In this case, only 2 bytes of memnodemap[] are used, instead of 2048
Signed-off-by: Eric Dumazet <dada1@cosmosbay.com>
Signed-off-by: Andi Kleen <ak@suse.de>
Signed-off-by: Linus Torvalds <torvalds@osdl.org>
diff --git a/arch/x86_64/mm/numa.c b/arch/x86_64/mm/numa.c
index 4bf6458..edd5559 100644
--- a/arch/x86_64/mm/numa.c
+++ b/arch/x86_64/mm/numa.c
@@ -38,38 +38,57 @@
int numa_off __initdata;
-int __init compute_hash_shift(struct node *nodes, int numnodes)
+
+/*
+ * Given a shift value, try to populate memnodemap[]
+ * Returns :
+ * 1 if OK
+ * 0 if memnodmap[] too small (of shift too small)

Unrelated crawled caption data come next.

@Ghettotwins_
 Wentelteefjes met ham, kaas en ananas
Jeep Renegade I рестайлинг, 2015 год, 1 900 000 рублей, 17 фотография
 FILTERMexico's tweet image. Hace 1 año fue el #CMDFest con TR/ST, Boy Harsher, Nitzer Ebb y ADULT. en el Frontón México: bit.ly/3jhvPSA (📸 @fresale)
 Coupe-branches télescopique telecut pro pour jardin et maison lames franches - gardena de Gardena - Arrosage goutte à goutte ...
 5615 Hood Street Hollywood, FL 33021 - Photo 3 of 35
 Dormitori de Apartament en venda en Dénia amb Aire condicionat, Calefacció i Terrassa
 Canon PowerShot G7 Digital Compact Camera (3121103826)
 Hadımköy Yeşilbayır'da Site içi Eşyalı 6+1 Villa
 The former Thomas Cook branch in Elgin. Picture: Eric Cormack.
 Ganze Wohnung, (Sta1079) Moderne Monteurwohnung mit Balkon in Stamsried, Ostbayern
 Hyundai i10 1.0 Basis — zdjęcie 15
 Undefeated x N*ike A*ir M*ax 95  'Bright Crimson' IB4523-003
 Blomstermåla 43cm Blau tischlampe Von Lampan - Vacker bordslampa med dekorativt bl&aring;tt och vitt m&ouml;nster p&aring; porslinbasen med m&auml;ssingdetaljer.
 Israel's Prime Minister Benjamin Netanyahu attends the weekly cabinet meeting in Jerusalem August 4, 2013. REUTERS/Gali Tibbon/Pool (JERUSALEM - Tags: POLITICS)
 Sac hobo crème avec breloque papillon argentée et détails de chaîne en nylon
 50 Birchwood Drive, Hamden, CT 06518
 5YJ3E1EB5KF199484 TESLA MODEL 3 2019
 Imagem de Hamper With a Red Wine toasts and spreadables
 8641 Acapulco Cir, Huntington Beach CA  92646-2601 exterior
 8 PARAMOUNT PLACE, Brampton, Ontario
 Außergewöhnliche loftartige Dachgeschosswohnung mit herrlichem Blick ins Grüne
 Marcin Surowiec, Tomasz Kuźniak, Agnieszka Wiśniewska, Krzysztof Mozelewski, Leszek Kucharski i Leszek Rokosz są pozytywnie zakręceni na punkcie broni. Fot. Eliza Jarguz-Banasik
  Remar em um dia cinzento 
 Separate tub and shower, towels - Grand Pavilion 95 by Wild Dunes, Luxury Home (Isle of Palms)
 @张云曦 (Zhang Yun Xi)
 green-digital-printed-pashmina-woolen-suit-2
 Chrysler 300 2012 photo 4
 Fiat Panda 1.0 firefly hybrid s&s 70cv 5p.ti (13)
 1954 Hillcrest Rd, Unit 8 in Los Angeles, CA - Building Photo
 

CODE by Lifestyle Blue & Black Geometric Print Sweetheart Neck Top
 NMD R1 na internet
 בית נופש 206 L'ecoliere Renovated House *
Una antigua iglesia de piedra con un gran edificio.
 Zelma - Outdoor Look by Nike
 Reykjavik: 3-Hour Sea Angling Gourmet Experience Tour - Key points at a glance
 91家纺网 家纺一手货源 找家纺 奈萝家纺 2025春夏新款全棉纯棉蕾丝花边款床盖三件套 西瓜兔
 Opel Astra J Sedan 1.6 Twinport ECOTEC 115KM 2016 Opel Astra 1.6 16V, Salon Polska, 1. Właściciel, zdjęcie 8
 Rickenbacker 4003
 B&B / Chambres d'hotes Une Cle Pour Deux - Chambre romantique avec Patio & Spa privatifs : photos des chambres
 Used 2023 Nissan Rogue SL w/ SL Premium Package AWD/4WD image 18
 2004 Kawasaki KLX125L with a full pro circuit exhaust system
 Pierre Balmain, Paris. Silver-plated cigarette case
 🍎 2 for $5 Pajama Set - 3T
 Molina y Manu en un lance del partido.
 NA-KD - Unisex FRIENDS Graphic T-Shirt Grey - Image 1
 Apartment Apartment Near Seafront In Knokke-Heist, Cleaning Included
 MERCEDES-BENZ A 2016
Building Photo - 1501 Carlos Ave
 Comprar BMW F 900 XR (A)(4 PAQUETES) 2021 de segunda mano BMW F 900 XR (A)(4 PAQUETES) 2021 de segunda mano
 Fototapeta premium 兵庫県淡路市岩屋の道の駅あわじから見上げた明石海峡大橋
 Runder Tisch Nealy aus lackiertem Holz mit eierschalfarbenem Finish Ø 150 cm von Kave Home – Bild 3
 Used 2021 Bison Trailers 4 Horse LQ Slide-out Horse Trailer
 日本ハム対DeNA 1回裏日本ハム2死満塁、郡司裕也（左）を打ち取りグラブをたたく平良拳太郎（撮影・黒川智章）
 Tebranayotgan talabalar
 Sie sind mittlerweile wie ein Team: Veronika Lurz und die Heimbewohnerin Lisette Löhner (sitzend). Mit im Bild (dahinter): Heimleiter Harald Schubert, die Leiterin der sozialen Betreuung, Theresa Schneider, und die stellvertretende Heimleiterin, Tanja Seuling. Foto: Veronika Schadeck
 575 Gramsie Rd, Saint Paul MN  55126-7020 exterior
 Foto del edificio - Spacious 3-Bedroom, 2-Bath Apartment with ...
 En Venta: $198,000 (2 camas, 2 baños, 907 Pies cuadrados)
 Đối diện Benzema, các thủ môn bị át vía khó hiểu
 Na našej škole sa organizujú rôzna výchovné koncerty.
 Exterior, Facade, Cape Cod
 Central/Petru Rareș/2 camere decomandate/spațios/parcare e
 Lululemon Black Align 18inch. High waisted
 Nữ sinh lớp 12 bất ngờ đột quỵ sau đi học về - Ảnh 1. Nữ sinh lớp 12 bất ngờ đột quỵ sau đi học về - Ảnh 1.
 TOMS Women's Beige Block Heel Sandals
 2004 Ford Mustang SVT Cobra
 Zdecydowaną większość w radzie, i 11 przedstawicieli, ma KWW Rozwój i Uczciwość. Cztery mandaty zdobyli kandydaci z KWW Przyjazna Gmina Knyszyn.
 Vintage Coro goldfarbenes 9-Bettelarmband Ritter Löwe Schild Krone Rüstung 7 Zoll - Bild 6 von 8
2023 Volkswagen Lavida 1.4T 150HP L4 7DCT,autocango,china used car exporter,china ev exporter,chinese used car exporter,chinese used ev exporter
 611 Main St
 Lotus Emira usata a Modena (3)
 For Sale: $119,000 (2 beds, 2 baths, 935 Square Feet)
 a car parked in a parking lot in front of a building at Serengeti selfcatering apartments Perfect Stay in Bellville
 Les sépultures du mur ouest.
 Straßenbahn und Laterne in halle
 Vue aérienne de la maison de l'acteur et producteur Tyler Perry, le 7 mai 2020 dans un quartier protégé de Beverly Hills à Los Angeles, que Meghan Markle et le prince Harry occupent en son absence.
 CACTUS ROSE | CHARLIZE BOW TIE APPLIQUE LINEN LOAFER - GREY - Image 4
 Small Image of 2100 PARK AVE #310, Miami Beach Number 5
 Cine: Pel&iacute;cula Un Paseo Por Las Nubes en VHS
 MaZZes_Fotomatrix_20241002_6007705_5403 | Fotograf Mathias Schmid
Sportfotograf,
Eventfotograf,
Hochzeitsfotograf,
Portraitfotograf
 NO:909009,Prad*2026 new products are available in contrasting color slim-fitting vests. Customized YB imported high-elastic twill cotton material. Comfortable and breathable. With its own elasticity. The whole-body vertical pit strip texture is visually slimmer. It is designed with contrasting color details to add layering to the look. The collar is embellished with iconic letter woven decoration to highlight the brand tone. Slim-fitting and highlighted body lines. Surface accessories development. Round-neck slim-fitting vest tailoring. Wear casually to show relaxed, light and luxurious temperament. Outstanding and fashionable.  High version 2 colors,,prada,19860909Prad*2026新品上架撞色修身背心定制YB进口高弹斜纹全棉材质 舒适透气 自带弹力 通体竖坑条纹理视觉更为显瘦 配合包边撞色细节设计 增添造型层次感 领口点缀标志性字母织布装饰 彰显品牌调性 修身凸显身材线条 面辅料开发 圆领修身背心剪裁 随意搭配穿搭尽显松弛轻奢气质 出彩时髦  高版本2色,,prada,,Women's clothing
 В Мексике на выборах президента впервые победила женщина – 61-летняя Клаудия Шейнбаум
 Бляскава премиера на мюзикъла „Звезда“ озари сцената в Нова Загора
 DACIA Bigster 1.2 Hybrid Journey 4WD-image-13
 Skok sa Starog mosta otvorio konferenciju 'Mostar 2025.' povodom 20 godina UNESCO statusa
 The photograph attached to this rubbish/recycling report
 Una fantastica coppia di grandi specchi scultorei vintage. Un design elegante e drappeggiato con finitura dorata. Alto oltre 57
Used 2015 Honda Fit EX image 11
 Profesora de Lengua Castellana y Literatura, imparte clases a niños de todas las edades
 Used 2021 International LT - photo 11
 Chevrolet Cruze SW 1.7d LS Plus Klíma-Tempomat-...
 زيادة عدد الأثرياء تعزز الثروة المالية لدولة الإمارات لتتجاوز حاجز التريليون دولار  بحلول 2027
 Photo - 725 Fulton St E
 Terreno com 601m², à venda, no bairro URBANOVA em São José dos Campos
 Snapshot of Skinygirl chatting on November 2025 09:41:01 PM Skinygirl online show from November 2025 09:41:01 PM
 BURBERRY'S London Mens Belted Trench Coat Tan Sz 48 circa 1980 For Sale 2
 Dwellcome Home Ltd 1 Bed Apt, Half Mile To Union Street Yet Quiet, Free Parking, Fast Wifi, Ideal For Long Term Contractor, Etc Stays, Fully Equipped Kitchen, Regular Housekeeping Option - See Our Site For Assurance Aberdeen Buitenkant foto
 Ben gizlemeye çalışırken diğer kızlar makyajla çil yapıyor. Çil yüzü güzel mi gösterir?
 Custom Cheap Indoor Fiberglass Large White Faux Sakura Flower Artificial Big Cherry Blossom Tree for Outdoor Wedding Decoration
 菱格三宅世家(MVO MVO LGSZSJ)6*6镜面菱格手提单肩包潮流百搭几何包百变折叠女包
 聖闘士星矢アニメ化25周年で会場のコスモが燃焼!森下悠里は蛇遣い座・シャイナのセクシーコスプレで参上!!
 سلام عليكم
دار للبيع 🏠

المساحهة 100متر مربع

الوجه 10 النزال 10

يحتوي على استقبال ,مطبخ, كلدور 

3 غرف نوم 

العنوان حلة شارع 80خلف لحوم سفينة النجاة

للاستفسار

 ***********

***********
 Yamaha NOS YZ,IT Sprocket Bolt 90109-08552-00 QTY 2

+ * -1 if node overlap or lost ram (shift too big)
+ */
+static int __init populate_memnodemap(
+ const struct node *nodes, int numnodes, int shift)
{
int i;
- int shift = 20;
- unsigned long addr,maxend=0;
-
- for (i = 0; i < numnodes; i++)
- if ((nodes[i].start != nodes[i].end) && (nodes[i].end > maxend))
- maxend = nodes[i].end;
+ int res = -1;
+ unsigned long addr, end;
- while ((1UL << shift) < (maxend / NODEMAPSIZE))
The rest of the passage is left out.